A worker who exchanged expletive-laden texts with his boss has been awarded more than $21,000 in lost wages and compensation for the way in which he was sacked. Photo / 123RF
A former site manager at a building removal firm who traded expletive-laden blows with his boss by text has been awarded more than $21,000 in lost wages and compensation for the way in which he was sacked.
But, the award might have been higher if Jeremy O'Neill hadn't told his boss to "get f….d".
O'Neill raised a personal grievance with the Employment Relations Authority claiming unjustified disadvantage when he was suspended, and for unjustified dismissal from Prestige Building Removals Limited, which argued the claims were without merit.
O'Neill succeeded with most of his claim, but the ERA found sufficient grounds to dismiss him for serious misconduct after he threw a metal chain used for house removals.

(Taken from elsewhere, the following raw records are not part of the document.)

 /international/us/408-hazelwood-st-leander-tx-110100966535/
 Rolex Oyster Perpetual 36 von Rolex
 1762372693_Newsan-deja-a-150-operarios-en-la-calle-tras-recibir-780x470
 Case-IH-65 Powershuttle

The slanging match central to the evidence erupted after trouble had been brewing between O'Neill and the director of the removal firm, Jason Barnes.

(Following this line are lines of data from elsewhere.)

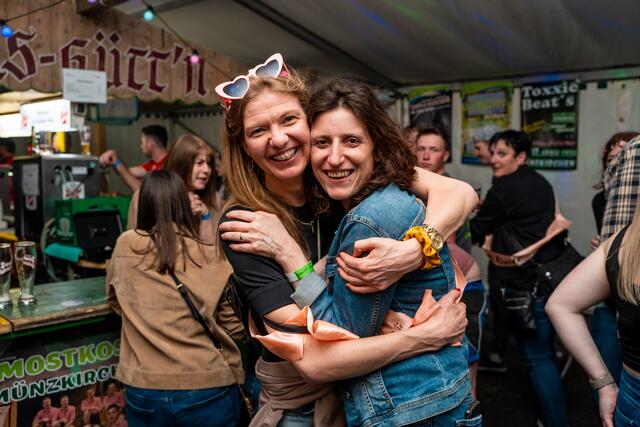 Foto: Florian Kronawitter/zema-medien.de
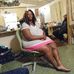 Profile Picture of Veronica Simms (@veronica.simms.58) on Facebook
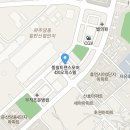 뚱발 트랜스포머420 오피스텔 이미지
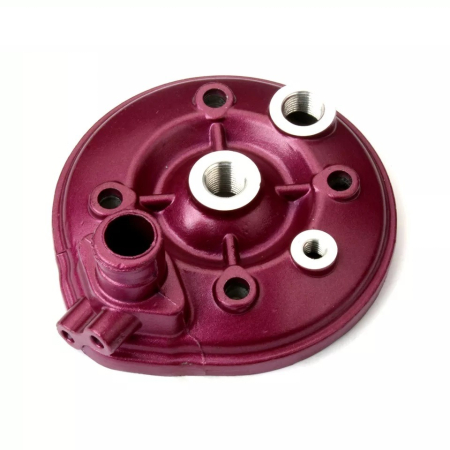 Chiuloasa Scuter - Chiuloasa Scuter MBK X LIMIT / X POWER 2T 49cc 50cc 80cc 90cc racire apa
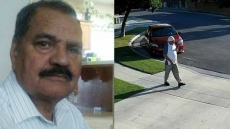 68-Yr-Old Sikh Man Subag Singh Found Dead In Canal, California  Police Search for Answers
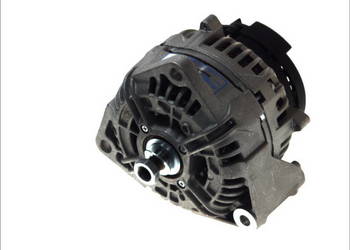 Alternator FENDT ISUZU SISU DAF 377776393001
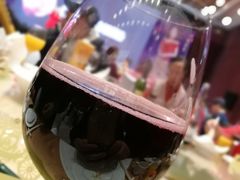 -北京千禧大酒店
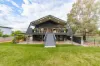 3 Wentworth Street, Wentworth, NSW 2648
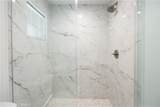 7042 White Oak - Photo 9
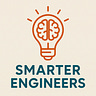Smarter Engineers 💡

The two had also been friends, which the authority ultimately found contributed to what it described as an unfair process, and not what a reasonable employer might have done.
ERA member Sarah Blick said the case also demonstrated why a clear formal and documented process was required.

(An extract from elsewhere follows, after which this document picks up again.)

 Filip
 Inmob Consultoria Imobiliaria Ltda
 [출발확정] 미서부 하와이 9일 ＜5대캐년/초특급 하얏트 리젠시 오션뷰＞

O'Neill began working as a site manager for the Hamilton-based company in December 2019.
A few months later the company employed someone else in a role that would free O'Neill to focus on quoting for new business and on driving so he could spend less time managing staff.
Barnes said he became concerned about the way O'Neill was treating other workers, and that he had received complaints about O'Neill's "yelling" and "aggressive behaviour".
On one occasion O'Neill was driving to Auckland with a colleague to look for housing stock when O'Neill ended up in a heated exchange over the phone with Barnes.
After a short burst of expletive-laden name-calling, O'Neill claimed that Barnes told him to "drop what you are doing and just f**k off".
Barnes said he was in a car with another person and was talking to O'Neill on speaker phone and that O'Neill became "very angry" and told him to "go f**k" himself and hung up.
O'Neill did not return to work on June 23, 2020, which turned out to be his final day with the company.
Barnes said he sent a text message to O'Neill, suggesting he take until the end of the following week off.
In the days that followed the pair exchanged a large number of text messages, which filled two and a half pages of the Authority's written decision.
O'Neill said the text messages made it clear PBR was going to dismiss him.
A meeting soon after aimed to give O'Neill an opportunity to respond to what Barnes described as serious allegations, and also advised that disciplinary action up to summary termination may result.
O'Neill responded via his lawyer that he disputed having told Barnes to "get f****d" and attached his own written record of the conversation.
However, he later acknowledged under cross-examination that he had told Barnes to go "f**k himself" and hung up on him, but after Barnes "yelled and screamed at him".
O'Neill said allegations about his conduct with others were "outright lies", but that being "blunt and to the point" was the most effective way of keeping everyone safe.
He also said swearing was commonplace in the industry and at PBR's workplace because of the example set by Barnes.
Attempts by Open Justice to reach Barnes and O'Neill have so far been unsuccessful.
Blick ultimately found that swearing was not only tolerated but condoned within the workplace and that Barnes participated in it himself.
O'Neill's lawyer Rachel Webster said there were procedural and substantive issues with the suspension, and that it was O'Neill's view that the decision on the allegations had been predetermined.
A substantial amount of correspondence continued between the company and O'Neill before the ERA determined he had been suspended, and that it was unjustified.
The ERA said the employer did not have good reason to suspend O'Neill without giving him a proper opportunity to be heard, and that the suspension disadvantaged him in his employment.
The Authority also found O'Neill's dismissal was unjustified, for reasons around the fairness of the process, and that this "defect in the process" was not minor.
It was however satisfied that sufficient grounds existed to dismiss him for serious misconduct in relation to his throwing the metal chain, even though O'Neill said there was no evidence that any other workers were intimidated by it.
Blick also accepted PBR's position that at no time during the disciplinary process did O'Neill take responsibility for his alleged actions, express any remorse, or provide PBR with any assurance that his behaviour would not be repeated.
"I find a fair and reasonable employer could have concluded Mr O'Neill's actions constituted serious misconduct in light of Mr O'Neill's admissions, and PBR's obligation to protect the health and safety of other workers was important.
"I find it was open to PBR to conclude summary dismissal was an appropriate outcome in the circumstances," Blick said.
She awarded O'Neill $14,563 in lost wages, $2100 compensation for unjustified disadvantage and $4900 for unjustified dismissal; the compensation being significantly less than what was sought.
Blick found a 30 per cent reduction in remedies was warranted, and that they might have been reduced further, if not for PBR's culture of condoning bad language.